This is a tough one to write. In some ways adoption is similar to trying to get pregnant and being pregnant: When will it work?, Who should we tell?, When should we tell?, Is the baby healthy?, and so on. I feel paranoid even writing about this...like maybe if I don't talk about it, it won't hurt as much if it does not work out. However, I know myself well enough to know that it won't make a difference. So here it is.
Right now, we a chance, we have a shot. A birth mother of a baby girl is looking at our file this week or next. For some reason this feels like it could be it. There have been so many things this time around that have been affirming. Our case worker seems hopeful, the baby's name is a nick name of mine, and today at church a little girl named Cora came into the class. This is the name that we both love and plan to use if we are blessed with a little girl. The mom said her name and my breath got caught in my chest for a second. The name Cora is not common so it took me by surprise.
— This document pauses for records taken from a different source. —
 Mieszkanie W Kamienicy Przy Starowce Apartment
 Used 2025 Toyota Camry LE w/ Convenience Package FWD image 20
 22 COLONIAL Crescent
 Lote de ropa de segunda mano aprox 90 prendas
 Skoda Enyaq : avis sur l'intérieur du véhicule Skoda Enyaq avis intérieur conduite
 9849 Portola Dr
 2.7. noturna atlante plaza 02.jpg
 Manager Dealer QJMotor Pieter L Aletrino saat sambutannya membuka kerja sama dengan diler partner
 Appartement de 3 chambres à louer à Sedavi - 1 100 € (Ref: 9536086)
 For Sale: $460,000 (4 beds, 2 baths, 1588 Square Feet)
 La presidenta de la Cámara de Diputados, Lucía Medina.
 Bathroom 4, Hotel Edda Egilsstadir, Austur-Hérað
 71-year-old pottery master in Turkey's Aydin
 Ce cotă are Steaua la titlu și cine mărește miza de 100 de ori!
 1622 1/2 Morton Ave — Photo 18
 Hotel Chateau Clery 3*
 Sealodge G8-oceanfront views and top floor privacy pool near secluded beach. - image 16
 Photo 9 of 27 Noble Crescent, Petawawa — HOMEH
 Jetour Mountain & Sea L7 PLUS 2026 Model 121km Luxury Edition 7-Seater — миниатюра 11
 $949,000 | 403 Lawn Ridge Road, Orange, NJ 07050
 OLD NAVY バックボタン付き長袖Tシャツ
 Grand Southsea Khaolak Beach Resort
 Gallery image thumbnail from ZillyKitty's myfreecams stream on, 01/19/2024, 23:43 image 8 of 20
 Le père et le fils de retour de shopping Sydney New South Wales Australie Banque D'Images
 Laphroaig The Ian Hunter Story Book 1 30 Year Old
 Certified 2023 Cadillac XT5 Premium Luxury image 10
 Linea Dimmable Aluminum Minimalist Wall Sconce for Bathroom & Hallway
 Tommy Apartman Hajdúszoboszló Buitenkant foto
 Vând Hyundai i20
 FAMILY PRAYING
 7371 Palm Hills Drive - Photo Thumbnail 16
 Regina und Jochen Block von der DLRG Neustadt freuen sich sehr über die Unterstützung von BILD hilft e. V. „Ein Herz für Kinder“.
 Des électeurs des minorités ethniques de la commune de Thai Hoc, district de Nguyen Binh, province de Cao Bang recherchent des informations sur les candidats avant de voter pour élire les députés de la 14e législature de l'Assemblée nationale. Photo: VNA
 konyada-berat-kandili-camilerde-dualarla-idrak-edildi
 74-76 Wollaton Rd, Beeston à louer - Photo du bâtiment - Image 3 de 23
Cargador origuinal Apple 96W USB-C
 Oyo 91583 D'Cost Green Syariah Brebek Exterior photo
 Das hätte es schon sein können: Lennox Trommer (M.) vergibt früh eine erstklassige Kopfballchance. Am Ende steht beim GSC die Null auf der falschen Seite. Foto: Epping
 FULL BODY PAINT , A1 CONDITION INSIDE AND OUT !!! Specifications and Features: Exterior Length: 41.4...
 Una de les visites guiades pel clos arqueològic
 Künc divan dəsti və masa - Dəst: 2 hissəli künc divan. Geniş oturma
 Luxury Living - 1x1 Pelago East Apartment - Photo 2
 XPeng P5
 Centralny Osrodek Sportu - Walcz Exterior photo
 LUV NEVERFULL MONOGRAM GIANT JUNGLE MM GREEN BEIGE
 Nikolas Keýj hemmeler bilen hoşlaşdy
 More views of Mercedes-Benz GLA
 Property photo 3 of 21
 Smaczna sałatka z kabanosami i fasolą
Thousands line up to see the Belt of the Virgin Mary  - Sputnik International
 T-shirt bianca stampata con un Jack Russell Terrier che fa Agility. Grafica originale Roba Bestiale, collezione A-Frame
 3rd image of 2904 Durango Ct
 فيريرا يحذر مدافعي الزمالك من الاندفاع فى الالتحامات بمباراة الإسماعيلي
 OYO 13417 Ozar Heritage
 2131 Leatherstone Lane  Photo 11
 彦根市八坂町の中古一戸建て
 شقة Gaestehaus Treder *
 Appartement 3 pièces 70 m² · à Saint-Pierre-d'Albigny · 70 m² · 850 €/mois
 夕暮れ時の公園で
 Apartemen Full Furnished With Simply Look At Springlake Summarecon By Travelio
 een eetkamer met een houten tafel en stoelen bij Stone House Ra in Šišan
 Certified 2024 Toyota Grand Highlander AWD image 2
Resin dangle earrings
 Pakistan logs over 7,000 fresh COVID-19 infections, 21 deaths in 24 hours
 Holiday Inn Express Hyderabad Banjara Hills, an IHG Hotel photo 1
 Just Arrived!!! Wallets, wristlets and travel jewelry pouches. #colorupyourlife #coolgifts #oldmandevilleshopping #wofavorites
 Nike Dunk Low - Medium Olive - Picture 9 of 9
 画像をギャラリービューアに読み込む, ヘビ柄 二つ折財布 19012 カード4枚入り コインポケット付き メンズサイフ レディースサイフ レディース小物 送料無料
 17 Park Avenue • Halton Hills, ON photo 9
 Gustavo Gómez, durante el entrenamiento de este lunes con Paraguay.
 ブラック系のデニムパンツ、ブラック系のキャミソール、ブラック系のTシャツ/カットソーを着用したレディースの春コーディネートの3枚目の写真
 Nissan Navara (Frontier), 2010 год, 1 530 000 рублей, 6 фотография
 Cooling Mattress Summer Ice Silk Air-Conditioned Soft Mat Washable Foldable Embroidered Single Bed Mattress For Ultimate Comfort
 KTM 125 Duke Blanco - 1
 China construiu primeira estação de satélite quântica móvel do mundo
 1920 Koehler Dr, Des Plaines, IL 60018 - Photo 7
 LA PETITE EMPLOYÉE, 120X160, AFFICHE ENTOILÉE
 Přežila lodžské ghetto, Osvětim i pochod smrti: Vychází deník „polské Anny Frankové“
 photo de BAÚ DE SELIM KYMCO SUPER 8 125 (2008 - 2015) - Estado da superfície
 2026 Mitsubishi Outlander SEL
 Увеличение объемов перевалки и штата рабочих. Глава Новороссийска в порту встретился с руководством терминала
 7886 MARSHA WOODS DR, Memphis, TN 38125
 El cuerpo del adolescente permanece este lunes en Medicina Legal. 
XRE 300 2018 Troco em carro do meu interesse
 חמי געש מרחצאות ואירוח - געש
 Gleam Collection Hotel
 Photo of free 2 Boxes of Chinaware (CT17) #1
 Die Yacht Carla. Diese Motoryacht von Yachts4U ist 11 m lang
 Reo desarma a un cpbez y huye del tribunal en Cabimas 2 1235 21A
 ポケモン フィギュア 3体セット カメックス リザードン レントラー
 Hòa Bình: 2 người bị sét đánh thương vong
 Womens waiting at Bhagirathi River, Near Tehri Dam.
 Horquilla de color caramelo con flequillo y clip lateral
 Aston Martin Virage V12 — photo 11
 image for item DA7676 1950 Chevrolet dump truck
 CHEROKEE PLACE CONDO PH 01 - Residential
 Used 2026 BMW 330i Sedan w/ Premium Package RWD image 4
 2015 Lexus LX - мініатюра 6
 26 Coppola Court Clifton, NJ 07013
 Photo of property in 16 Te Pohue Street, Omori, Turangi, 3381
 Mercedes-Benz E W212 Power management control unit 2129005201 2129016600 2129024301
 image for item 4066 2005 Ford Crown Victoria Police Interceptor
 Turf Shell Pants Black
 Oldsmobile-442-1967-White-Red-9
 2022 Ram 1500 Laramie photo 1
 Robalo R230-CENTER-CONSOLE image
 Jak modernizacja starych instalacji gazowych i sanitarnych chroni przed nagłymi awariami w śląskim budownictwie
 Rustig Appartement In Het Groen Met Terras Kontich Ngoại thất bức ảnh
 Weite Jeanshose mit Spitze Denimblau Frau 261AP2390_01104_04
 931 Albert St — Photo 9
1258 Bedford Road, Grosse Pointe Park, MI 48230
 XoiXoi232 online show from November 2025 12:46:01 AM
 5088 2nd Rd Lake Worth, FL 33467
Kyle and I have both been anxious (me way more of course). I woke up last night and could not go back to sleep for over an hour...same for Kyle this morning. This whole thing may very well fail but we will be OK and we will not give up.
For I know the plans I have for you," declares the LORD, "plans to prosper you and not to harm you, plans to give you hope and a future.
I have never been more grateful for my Savior. He knows what is best for me even if there is pain involved. He has always taken care of Kyle and me despite our shortcomings. We are blessed.